Ginger Garrett

Ginger Garrett is an expert on biblical women and the role beauty has played in women’s lives throughout time and culture. She is the author of several critically acclaimed books. Ginger’s first novel, Chosen: The Lost Diaries of Queen Esther, was a finalist for the Christian Book Award, recognizing it as one of the top five inspirational novels for 2006. Ginger was also nominated for the Georgia Author of the Year Award for her novel Dark Hour. Her popular nonfiction Beauty Secrets of the Bible reveals how biblical women viewed beauty and the natural foods, perfumes and cosmetics that complemented their spiritual beauty. In September 2008, Ginger released In the Shadow of Lions, the first of a three-part fiction series from David C. Cook. You can watch Ginger’s special YouTube release for the book at this LINK. Ginger is a popular speaker at women’s events, and a frequent radio and television guest. Ginger has been interviewed by media across the country including Fox News, The New York Times, FamilyNet Television, National Public Radio, Billy Graham’s Hour of Decision, Harvest Television, and more.

Making a Trailer Work for You

Book Video

Author Interview: In the Shadow of Lions

How to Give a Medieval Feast

I have two trailers running on YouTube for my new novel, In the Shadow of Lions. Both are quite different and have served different purposes. Let me tell you why I did mine, and confess what I regret.

First, book trailers are really just extensions of the cover, and the goal of any cover is to get readers to pick up the book, buy it, and read it. Unless the trailer is running on the point-of-purchase site, the marketing impact is diminished. Readers will have to go somewhere else, either online or in person, to purchase the book. Asking readers to do anything extra risks losing the sale. Placing your trailer “far away” from the cash register gives your readers too many chances for distraction and thinking of other ways to spend their money.

If you begin to think of your trailer as an extension of the cover, you’ll also begin to understand the difficulty of making a trailer work for you. As authors, much of our marketing time is spent getting readers to notice the cover. If your trailer is only an extension of your cover, you’re stuck with the same marketing dilemma: how to get the trailer in front of readers. There’s no guarantee that anyone will see your trailer unless you make a plan to create traffic.

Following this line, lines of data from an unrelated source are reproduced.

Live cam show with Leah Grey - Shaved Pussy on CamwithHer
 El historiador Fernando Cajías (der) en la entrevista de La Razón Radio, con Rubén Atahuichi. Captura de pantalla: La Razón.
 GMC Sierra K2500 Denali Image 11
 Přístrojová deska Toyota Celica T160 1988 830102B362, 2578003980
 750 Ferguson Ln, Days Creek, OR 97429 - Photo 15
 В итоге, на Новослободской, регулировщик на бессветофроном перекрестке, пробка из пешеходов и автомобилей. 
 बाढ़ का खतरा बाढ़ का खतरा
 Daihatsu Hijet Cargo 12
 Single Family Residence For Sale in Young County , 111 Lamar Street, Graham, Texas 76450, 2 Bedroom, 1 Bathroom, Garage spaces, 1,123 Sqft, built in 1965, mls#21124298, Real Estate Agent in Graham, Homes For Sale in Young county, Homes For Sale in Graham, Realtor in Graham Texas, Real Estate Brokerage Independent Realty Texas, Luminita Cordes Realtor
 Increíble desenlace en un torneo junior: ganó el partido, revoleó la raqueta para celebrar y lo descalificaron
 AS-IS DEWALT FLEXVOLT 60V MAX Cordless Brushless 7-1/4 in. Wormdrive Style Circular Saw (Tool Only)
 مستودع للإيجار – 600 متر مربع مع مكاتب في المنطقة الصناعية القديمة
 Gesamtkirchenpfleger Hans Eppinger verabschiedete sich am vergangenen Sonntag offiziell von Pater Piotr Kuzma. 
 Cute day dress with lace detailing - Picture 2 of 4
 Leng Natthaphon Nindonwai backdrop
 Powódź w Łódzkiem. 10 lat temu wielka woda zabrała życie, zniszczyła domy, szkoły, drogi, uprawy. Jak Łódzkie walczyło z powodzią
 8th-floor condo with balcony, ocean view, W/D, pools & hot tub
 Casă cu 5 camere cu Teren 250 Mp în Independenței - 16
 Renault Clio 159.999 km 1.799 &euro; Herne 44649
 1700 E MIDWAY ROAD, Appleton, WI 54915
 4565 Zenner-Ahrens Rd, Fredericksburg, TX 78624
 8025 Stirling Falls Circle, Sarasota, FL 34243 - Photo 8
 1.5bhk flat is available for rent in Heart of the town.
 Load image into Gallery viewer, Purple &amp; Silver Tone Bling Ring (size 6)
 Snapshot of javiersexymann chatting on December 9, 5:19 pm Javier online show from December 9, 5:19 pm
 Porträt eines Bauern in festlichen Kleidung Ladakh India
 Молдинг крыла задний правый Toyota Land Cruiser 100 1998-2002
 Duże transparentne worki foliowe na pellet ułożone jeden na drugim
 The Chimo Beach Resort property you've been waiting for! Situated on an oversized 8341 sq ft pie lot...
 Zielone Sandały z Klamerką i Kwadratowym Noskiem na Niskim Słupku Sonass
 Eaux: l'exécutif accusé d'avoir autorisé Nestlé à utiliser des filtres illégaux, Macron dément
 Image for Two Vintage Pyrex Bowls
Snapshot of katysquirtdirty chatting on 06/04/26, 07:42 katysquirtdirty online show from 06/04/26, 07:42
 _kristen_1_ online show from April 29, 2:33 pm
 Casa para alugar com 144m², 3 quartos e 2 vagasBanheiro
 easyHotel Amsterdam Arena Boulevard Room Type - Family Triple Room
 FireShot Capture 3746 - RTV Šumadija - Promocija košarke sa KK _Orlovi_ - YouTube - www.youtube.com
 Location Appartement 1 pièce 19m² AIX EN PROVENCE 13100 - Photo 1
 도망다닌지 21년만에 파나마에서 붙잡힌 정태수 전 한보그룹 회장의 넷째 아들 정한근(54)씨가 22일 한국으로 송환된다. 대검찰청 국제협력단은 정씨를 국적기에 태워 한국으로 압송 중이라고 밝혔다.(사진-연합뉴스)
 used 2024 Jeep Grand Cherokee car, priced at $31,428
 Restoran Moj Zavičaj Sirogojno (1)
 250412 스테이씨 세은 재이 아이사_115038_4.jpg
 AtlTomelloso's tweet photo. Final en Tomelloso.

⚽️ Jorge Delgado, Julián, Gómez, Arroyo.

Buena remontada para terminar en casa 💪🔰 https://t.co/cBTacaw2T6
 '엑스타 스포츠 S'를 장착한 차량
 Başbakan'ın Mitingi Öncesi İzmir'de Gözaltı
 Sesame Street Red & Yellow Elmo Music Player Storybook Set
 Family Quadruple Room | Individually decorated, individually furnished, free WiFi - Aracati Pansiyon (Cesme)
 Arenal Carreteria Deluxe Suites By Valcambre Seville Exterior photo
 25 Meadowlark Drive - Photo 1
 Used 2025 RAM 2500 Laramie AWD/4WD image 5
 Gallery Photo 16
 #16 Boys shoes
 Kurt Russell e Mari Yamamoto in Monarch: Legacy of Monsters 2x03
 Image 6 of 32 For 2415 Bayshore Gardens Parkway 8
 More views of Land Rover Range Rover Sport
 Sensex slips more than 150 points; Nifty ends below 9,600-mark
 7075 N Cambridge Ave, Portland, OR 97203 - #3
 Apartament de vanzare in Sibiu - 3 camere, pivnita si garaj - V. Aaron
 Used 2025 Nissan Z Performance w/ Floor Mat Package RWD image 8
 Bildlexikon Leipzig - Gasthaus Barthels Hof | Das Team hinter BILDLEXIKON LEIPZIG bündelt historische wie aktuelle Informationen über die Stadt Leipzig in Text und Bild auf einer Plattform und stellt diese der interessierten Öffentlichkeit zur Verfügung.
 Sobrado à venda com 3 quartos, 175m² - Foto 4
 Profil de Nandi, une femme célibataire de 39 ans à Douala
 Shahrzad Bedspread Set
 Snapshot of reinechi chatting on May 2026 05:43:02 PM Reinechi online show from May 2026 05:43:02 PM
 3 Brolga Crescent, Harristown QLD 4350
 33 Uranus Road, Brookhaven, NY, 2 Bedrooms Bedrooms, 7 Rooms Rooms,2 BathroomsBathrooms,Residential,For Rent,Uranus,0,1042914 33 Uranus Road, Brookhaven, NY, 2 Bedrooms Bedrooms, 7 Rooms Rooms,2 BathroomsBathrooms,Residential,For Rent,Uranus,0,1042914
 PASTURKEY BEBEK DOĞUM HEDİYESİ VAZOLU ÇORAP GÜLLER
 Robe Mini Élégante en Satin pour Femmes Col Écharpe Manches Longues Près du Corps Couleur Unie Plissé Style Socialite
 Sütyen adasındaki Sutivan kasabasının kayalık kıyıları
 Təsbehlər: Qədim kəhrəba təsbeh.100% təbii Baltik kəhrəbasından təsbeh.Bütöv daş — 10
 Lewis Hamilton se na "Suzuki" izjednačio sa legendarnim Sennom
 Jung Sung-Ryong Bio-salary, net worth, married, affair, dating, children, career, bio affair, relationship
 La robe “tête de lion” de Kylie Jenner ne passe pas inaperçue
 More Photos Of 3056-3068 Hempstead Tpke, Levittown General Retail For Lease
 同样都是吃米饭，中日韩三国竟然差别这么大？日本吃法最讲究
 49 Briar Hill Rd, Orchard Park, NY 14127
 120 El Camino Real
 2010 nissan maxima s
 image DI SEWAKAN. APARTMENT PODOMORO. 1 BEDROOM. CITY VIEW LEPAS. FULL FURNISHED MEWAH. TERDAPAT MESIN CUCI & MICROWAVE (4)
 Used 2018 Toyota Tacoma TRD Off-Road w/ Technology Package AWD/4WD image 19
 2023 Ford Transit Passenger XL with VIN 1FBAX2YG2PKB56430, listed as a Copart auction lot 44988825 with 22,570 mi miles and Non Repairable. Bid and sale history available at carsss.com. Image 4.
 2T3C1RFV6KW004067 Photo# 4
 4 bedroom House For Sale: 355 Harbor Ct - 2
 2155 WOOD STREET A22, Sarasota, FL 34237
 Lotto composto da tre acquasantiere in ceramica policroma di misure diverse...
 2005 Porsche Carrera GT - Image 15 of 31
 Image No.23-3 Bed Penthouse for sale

Loading it on your site isn’t enough.

For a trailer to be especially effective, it should be drawing new readers to the book. If the trailer is available only on your site, it’s not pulling its weight. After all, if a reader has taken the time to visit your site, they’re already interested in you and your work. Spending a chunk of change to create a trailer might not bring a good return on your investment. The reader is very close to the cash register and will probably buy your book even without a trailer. Consider how to tweak the trailer’s message and content so that it can be used in multiple ways and attract a new audience.

I’ve seen mine used by the publisher’s sales force during meetings with key accounts. A trailer offers something a bit different and fresh, and is a welcome tool for the sales people to help place your book in stores. This same trailer can also be used as part of your publicity package. I created an “author interview,” which was uploaded to the sales force and to media.

However, the most effective way I’ve used my trailers is to incorporate my research and expertise in a way that benefits the viewer, regardless of whether they buy the book. Since my series will revolve around medieval women, I created a video called “How to Host a Medieval Feast.” This has brought traffic from medievalists, Renaissance festival devotees, homeschoolers, and cooks. It’s even gotten consideration from lifestyle shows for on-air segments. The video led to a smart “medieval marketing” package designed by the publisher for use with book clubs all across the country. Not only do my loyal fans enjoy the video, but also it’s opened a whole new audience to my work.

If you’re considering doing a trailer, define its target audience, where it will be placed, and how you will drive traffic to the video. These three points will help you create a video that will be more than eye candy. It will be a marketing tool with a long shelf life, one that draws readers to your work long after the sales campaign has ended.